Ze waren goedkoper dan ik me herinnerde. Toen schoot me te binnen dat ik luiers nooit met euro's had betaald. Bij de kassa kon ik zonder commentaar van de zwangere vrouw achter me afrekenen. Ik droeg het pak als een trofee. Inpakken deed ik het natuurlijk niet. Wel vulde ik een envelop met de tientallen merkjes van de pakken luiers die ik ruim 13 jaar geleden ben begonnen te kopen. Alle acties zijn aan me voorbijgegaan. Te druk met heen en weer fietsen, vermoedelijk.

woensdag 14 november 2007

In de trein (8)

Drie keer heen en drie keer terug. Voor de zesde maal deze week heeft mijn trein vertraging. Ik ben het zat en vloek inwendig afwisselend op de NS, Prorail, privatisering in het algemeen, nogmaals Prorail, de omroepster en op mezelf omdat ik zo humeurig ben. Naar buiten probeer ik niets te laten merken. Ik knoop een praatje aan met een medeforens uit Apeldoorn. We delen opgewekt het leed dat veel erger kan. Dan komt eindelijk de trein toch nog en ik vind een zitplaats.
Zie je wel, het kan veel erger.
Ik klap mijn laptop open om mijn dagelijkse 2.000 woorden te gaan schrijven. Naast me komt een vrouw van middelbare leeftijd met een boek. Ik houd mijn plezierige toon nog even vast.
"Beter laat dan nooit, hè?"
De vrouw blikt verschrikt opzij.
"Pardon?"
"Beter laat dan nooit, hè?"
Ze blijft schichtig kijken.
Ik vervolg mijn roman waarin iemand op het punt staat een trap onder te kotsen. In een poging tot concentratie kijk ik om me heen. Nu zie ik welk boek de vrouw naast me leest.
Als verdwenen vaders terugkeren.

maandag 12 november 2007

De nieuwe man


(normale gesprekstoon)
Hé, fijn dat ik met jullie mee terug naar huis kan rijden. ´t Is net te ver om te fietsen, hè? Normaal haalt Erik me altijd op, maar… nou ja, da’s vanavond wat moeilijk.
Je rijdt zeker over de Rodelaan en dan linksaf bij de begraafplaats? Dan stap ik bij de bushalte uit.

(gaat fluisteren)
Ik ga Erik straks zeggen dat ik weg ga. Vanavond ga ik het zeggen. En ik ga vanavond weg.
(…)
Het is echt een fantastische vent, wat ie niet doet voor de buurt en zo actief met de hockey, trainer en begeleider, en alles. En met de meiden…

(normale gesprekstoon)
Jullie lijken me echt gelukkig!

(weer terug naar fluisterend)
Ach, misschien lijk ik dat ook wel.
(…)
Elke avond, hè, dan blijf ik beneden tot ik zeker weet dat hij slaapt. En zo stil mogelijk glijd ik dan naast hem in bed. De hele nacht, elke keer dat hij beweegt, word ik wakker. En dan doe ik of ik slaap. En ’s ochtends doet mijn schouder zo’n pijn, omdat ik de hele nacht naast die man heb moeten liggen.
Die slappe wangen, dat kwijl uit die mond. Ik walg ervan.
Ik word zo misselijk van zijn adem. Als ik die voel al. Tegen mijn achterhoofd. Of langs mijn arm die boven de dekens ligt. Dan schuif ik nog dichterbij de rand.
’t Is gelukkig een tijd geleden dat hij tegen me aan kroop. Ik wil niet zo’n oude vieze slappert die alleen doet wat hij wil. Ik bepaal wanneer het moment goed is. Toch? Zoals vier maanden geleden. Die ene keer nog.

(normale gesprekstoon)
Hier naar links, toch? O ja, je gaat achter het winkelcentrum langs.
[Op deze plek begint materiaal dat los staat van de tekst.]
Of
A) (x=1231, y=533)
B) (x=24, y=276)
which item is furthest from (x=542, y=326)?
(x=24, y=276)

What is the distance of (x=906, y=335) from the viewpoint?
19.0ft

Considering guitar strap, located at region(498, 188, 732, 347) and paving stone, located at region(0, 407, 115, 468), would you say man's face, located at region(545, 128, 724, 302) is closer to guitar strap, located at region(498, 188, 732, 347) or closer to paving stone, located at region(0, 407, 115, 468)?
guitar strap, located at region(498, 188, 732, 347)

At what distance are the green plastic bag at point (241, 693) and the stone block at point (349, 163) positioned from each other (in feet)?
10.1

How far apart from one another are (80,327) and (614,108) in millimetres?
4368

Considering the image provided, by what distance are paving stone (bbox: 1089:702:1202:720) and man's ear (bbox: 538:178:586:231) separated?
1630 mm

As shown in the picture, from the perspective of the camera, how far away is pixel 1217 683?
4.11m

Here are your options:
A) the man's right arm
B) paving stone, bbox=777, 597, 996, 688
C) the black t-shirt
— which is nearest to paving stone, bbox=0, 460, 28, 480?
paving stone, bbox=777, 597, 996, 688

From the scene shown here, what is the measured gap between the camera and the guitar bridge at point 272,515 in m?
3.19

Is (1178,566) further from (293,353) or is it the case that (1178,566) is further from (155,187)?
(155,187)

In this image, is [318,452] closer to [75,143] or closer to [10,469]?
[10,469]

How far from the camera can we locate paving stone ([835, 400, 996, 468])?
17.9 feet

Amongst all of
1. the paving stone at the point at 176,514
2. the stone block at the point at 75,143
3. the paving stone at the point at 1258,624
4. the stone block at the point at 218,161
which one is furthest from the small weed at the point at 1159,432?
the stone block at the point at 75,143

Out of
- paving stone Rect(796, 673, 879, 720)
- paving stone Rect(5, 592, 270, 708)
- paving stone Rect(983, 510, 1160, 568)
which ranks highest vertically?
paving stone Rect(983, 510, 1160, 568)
(weer terug naar fluisteren)
Ik heb al een nieuwe man. Die groeit in mij. Die wordt alleen van mij. Over vijf maanden ben ik uitgerekend.
Vorig jaar was het ook gelukt. Ik had de koffers al gepakt, net als ik gisteravond heb gedaan. Maar toen bleek uit de vlokkentest dat het een meisje was. Die abortus heb ik van mijn eigen geld betaald.
En nu is het een jongen. Mijn nieuwe man. Uit mij gemaakt. Die gaat precies doen wat ik wil. Die wil precies wat ik wil. Die mag wel in mijn bed slapen.
(…)
Zeg, zouden jullie een oogje op Erik willen houden als ik weg ben? Ik vertrouw ’t toch nooit zo, een man alleen ….. met dochters.

(normale gesprekstoon)
Bedankt! En ook voor de lift.

vrijdag 9 november 2007

Pas de deux

Een collega vertelde dat hij een jaar lang dansles heeft gehad om zijn dochter op haar bruiloft te kunnen verrassen. Ik ben zwaar onder de indruk van zoveel vaderliefde. En had hij het leuk gevonden, die lessen? Zijn antwoord liet aan eerlijkheid niets te wensen over. Nee!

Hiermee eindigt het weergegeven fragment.